After the arrest of the company’s CFO in Vancouver this past December, many Canadians say they are concerned about the possible involvement of Chinese telecommunications firm Huawei in the development of the country’s 5G mobile networks.
Those are the findings of a new poll, recently conducted by Research Co.
In December, Huawei Chief Financial Officer Meng Wanzhou was arrested in Vancouver.
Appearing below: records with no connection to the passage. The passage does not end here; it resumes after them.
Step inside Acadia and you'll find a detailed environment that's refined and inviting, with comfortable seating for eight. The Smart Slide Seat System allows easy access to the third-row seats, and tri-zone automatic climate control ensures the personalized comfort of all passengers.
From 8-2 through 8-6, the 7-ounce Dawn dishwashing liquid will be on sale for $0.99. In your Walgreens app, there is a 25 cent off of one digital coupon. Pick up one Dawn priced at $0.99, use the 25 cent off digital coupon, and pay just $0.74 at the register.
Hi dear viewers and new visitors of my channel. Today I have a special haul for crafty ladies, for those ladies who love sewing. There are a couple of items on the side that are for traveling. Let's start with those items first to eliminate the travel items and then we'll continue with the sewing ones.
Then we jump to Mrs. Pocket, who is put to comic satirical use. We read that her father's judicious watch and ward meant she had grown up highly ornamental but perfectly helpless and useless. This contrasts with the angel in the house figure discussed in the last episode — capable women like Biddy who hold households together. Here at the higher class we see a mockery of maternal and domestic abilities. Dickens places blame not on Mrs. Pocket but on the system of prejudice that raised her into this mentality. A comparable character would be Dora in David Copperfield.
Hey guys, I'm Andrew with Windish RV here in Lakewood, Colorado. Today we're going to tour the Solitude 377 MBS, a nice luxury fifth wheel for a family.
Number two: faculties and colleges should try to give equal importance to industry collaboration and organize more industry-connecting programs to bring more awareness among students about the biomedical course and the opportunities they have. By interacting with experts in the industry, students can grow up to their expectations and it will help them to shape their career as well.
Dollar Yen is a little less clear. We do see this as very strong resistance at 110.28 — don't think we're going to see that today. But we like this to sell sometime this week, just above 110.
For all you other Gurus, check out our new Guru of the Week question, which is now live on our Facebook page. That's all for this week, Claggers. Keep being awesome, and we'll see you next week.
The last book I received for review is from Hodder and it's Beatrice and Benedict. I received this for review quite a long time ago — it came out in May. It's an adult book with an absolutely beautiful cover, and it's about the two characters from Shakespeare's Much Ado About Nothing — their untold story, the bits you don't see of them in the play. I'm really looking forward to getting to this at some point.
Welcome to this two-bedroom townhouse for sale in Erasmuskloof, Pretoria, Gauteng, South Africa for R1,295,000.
She faces charges in the United States — including bank fraud and obstruction of justice — and the US has formally requested her extradition.
Across Canada, 43% of respondents say they have been following media stories related to Meng’s arrest “very closely” or “moderately closely,” and 63% of Canadians say they agree with the way Canadian authorities have acted in this case.
In the online survey of a representative national sample, 57% of Canadians think the federal government should not allow Huawei to participate in 5G.
On a regional basis, British Columbia has the highest level of rejection for Huawei’s involvement in 5G (73%), followed by Ontario (62%) and Alberta (57%).
“Most Canadians approve of the decisions that the federal government has taken on this file,” says Mario Canseco, President of Research Co. “Most are also wary of enabling Huawei to play a role in Canada’s future telecommunications networks.”
In fact, more than half of Canadians (57%) think Canada should not work to establish closer ties with China — a proportion that includes majorities of those who voted for the Conservative Party (62%) and the New Democratic Party (NDP) (55%) in the last federal ballot, the poll found.
Meng was arrested in Vancouver on December 1, 2018, while she was transferring flights at YVR.
A 13-count indictment was unsealed in federal court in Brooklyn, New York, charged the defendants with the following:
The Justice Department says that Meng is specifically charged with bank fraud, wire fraud and conspiracies to commit bank and wire fraud.
“As charged in the indictment, Huawei and its Chief Financial Officer broke US law and have engaged in a fraudulent financial scheme that is detrimental to the security of the United States,” said Kirstjen Nielsen, Secretary of US Homeland Security, in a statement.
“They willfully conducted millions of dollars in transactions that were in direct violation of the Iranian Transactions and Sanctions Regulations, and such behaviour will not be tolerated. The Department of Homeland Security is focused on preventing nefarious actors from accessing or manipulating our financial system, and we will ensure that legitimate economic activity is not exploited by our adversaries.”
The Department of Justice says that the charges in the case relate to a “long-running scheme by Huawei’s business activities in Iran.”
Beginning in 2007, Huawei employees lied about the company’s relationship to Iranian company Skycom, falsely claiming that it was not affiliated with Huawei. The company also claimed that Huawei had limited operations in Iran and Huawei was not violating US or other laws and regulations related to the country.
The US says that Meng “continued to lie to Huawei’s banking partners about Huawei’s relationship with Skycom. They falsely claimed that Huawei had sold its interest in Skycom to an unrelated third party in 2007 and that Skycom was merely Huawei’s local business partner in Iran. ”
The indictment also says that Huawei relied on global banking relationships for financial services including processing US-dollar transactions through the US. American laws generally prohibit these financial institutions from processing transactions related to Iran in country.
In 2017, Huawei learned about the government’s investigation and the company and its subsidiary Huawei USA “allegedly tried to obstruct the investigation by making efforts to move witnesses with knowledge about Huawei’s Iran-based business to the PRC [People’s Republic of China], and beyond the jurisdiction of the US government, and by concealing and destroying evidence of Huawei’s Iran-based business that was located in the United States.”
Meng’s bail conditions prevent her from leaving BC and is under 24/7 surveillance, including electronic monitoring.
She is the daughter of Huawei’s founder, Ren Zhengfei and has denied any wrongdoing in connection with the case.
“My father founded Huawei and I would never do anything that would cause the company reputational damage,” she wrote in a sworn affidavit. “I maintain that I am innocent of the allegations that have been levelled at me.”
The mother-of-four owns two multi-million dollar homes in Vancouver. According to her court-ordered release conditions, she must reside there until her next court appearance.